ARC’s theatre and dance performances are priced on a Pay What You Decide basis, which means you don’t have to pay until after you have seen a show!
We want to encourage more people to come and see shows at ARC, more often. Pay What You Decide not only allows you to pay what you can afford, rather than a fixed ticket price, but also removes the financial risk of buying a ticket for a show in advance without knowing whether you are going to enjoy it or not.
Tickets are available to book in advance as usual, but there is no obligation for you to pay until after you have seen the show. You can then decide on a price which you think is suitable based on your experience, which means if you haven’t enjoyed it at all, you don’t have to pay anything.
All money collected will help ARC pay the artists who have performed, and we therefore hope you will give generously.
Please ensure you have arrived and collected your tickets 15 minutes before the show starts in order to secure your seats. At the end of the show, you can decide what to pay, either by cash on the door or by card at the Box Office.

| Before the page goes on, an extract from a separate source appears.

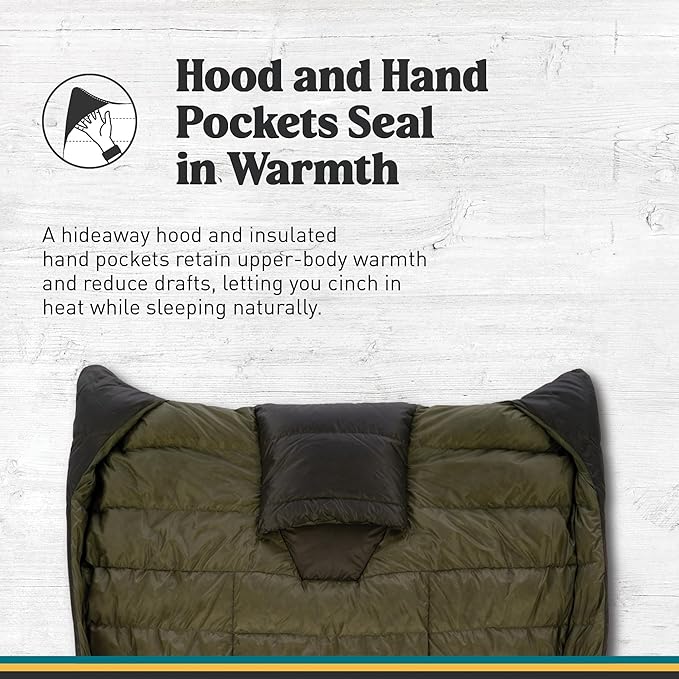 Sierra Designs Cloud Quilt 20 Degree Down Backpacking Quilt Ultralight 800 Fill Power DriDown with Hideaway Hood Insulated Hand Pockets Regular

General Prices: Pay What You Decide
Seating: Unreserved seated
The second of three special events for 2018, Deranged Poetesses brings together female and non-binary performers from poetry collectives across the north, and challenges them to create a new ‘pecha kucha’ performance. Five poets take to the stage with 40 timed images projected on-screen – what will they say about motherhood? You can bet it won’t be all Farley’s rusks and fontanelles!
Sky Hawkins – Smile, Say Cheese
Daughter of a mother who suffered from mental ill-health, foster-child, care-home kid, mother and now step-mother – join Sky as she flicks through the pages of her photo albums and tells the real stories behind those careful, smiling poses!
Carmen Marcus – DayMoon
The first three months of motherhood, known as the fourth trimester, is perhaps the weirdest milestone on the rollercoaster ride towards becoming a mother, when women most experience conflict between their need to return to their own body and the need to surrender it to their child.
Lisette Auton – Other Mothers
When people with disabilities are routinely sterilised, is a eugenically purified world just around the corner? How does the proverb ‘it takes a village to raise a child’ hold up today? In the era of Trump, are women’s reproductive rights regressing? Do you have to have a child to be a mother??
Sez Thomasin – Otherhood
As a queer, non-binary parent who has experienced the loss of stillbirth, Sez explores gendered semantics and assumptions around motherhood, and the reasons they will never feel able to claim the title. (Content note: this piece contains depictions and descriptions of stillbirth and child loss)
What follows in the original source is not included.